President Harrison's response was the longest speech of his trip, and attracted wide-spread and favorable comment. He said:
My Fellow-citizens—We close to-night a whole week of travel, a whole week of hand-shaking, a whole week of talking. I have before me 10,000 miles of hand-shaking and speaking, and I am not, by reason of what this week has brought me, in voice to contend with the fine but rather strong Gulf breeze which pours in upon us to-night; and yet it comes to me laden with the fragrance of your welcome. [Cheers.] It comes with the softness, refreshment, and grace which have accompanied all my intercourse with the people of Texas. [Great cheering.]
The magnificent and cordial demonstration which you have made in our honor to-day will always remain a bright and pleasant picture in my memory. [Great cheers.] I am glad to have been able to rest my eyes upon the city of Galveston.

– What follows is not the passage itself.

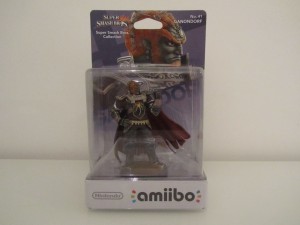 Amiibo SSB Ganondorf Front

I am glad to have been able to traverse this harbor and to look upon that work which a liberal and united Government has inaugurated for your benefit and for the benefit of the Northwest. [Great and prolonged cheers.] I have always believed that it was one of the undisputed functions of the general Government to make these great waterways which penetrate our country and these harbors into which our shipping must come to receive the tribute of rail and river safe and easy of access.
This ministering care should extend to our whole country, and I am glad that, adopting a policy with reference to the harbor work, here at least, which I insisted upon in a public message [great and prolonged cheering], the appropriation has been made adequate to a diligent and prompt completion of the work. [Great cheering.] In the past the Government has undertaken too many things at once, and its annual appropriations have been so inadequate that the work of the engineers was much retarded and often seriously damaged in the interval of waiting for fresh appropriations.
It is a better policy, when a work has once been determined to be of national significance, that the appropriation should be sufficient to bring it speedily and without loss to a conclusion. [Great cheering.] I am glad that the scheme of the engineer for giving deep water to Galveston is thus to be prosecuted.
I have said some of our South Atlantic and Gulf ports occupy a most favorable position for the new commerce toward which we are reaching out our hands, and which is reaching out its hands to us. [Great cheering.] I am an economist in the sense that I would not waste one dollar of public money, but I am not an economist in the sense that I would leave incomplete or suffer to lag any great work highly promotive of the true interests of our people. [Great cheering.]